Sep 30

Don’t Fall Victim to an IRS Phone, Email, or Text Scam

At times it seems as if we hear about a new scam making the rounds every week, but there are still many “old ones” that keep surfacing. One of these is a call, email, or text from someone claiming to be a representative of the Internal Revenue Service who is contacting you about a tax issue.
The Internal Revenue Service does not initiate communications with a taxpayer via email. If you receive an email, do not respond or click on the links. The unsolicited email claiming to be from the IRS should be forwarded to the IRS at phishing@irs.gov.
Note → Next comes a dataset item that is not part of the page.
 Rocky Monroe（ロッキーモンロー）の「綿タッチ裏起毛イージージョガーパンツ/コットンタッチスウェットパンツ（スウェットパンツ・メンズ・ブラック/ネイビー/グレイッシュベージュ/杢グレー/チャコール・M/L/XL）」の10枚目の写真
If contact is by phone, the caller ID on your phone may indicate that the call is from the Internal Revenue Service or the area code may be for Washington, D.C. The caller may claim that you owe money and must pay immediately. These calls are not from the Internal Revenue Service. There may be threats that you will face terrible consequences including arrest if you do not comply with the request for personal information and/or payment to resolve the matter. The Internal Revenue Service does not request information about your credit card, debit card, or pre-paid card by phone.
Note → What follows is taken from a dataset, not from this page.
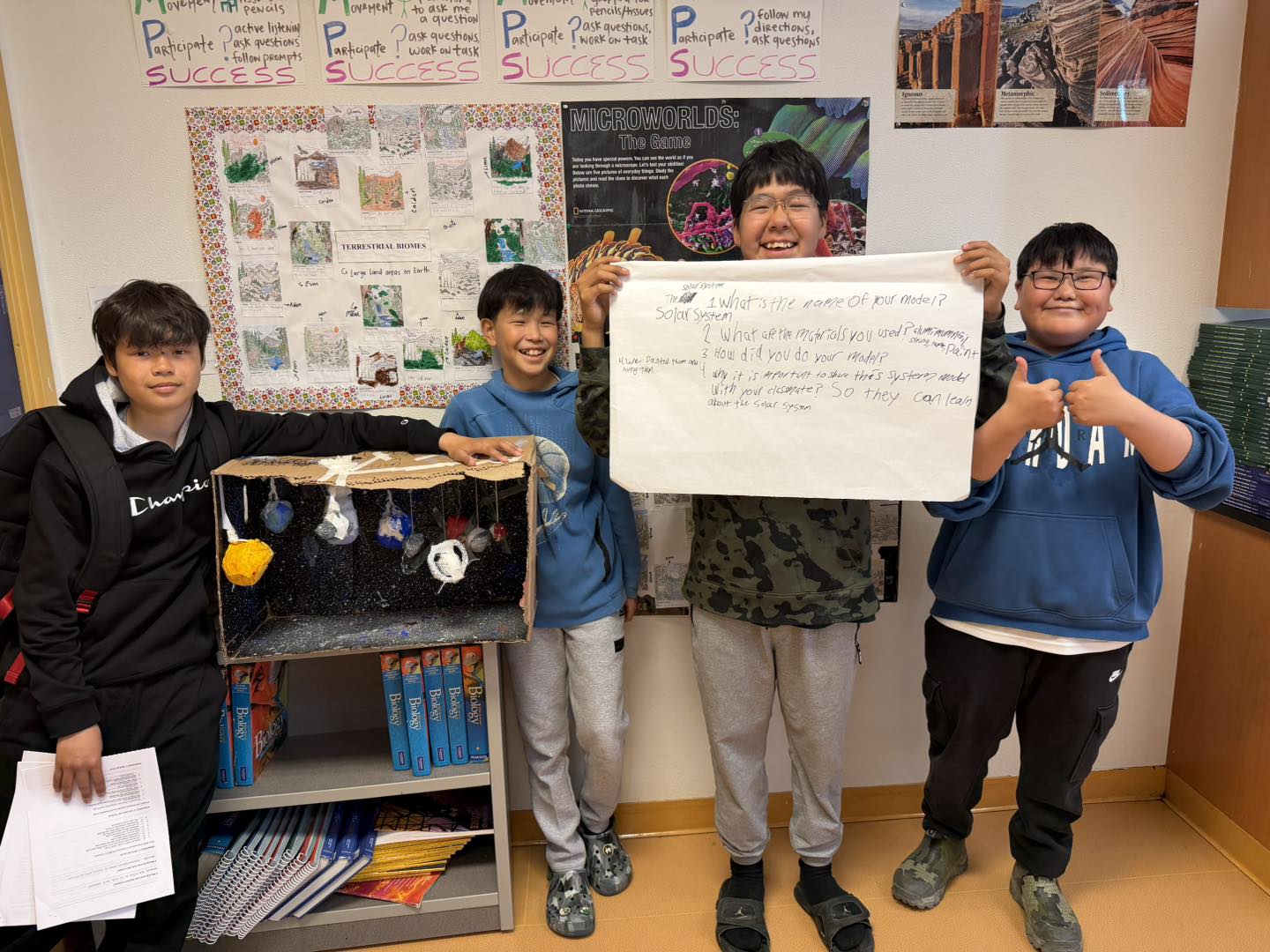 Middle School Students Present System Models (2/5)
Sometimes the caller will claim that you are entitled to a refund, but to receive the refund you have to provide personal information. Other times it is that you have to update your IRS e-file. The IRS does not initiate such requests via phone, text, or email.
If you get one of these calls, emails, or texts, do not give out any personal or financial information or comply with the directive to pay immediately. Do not panic.
The best thing to do if called is hang up if called and not respond to emails or text messages. According to the Internal Revenue Service website, report all such contacts to the Treasury Inspector General for Tax Administration at 800-366-4484 if you do not owe taxes. If you owe taxes or think you might, calling the Internal Revenue Service directly and/or seeking the assistance of an attorney or tax professional who can help you deal with the issue should be considered.
More information can be found at the Internal Revenue Service website www.irs.gov by typing in “scam” or “tax scam” in the search box.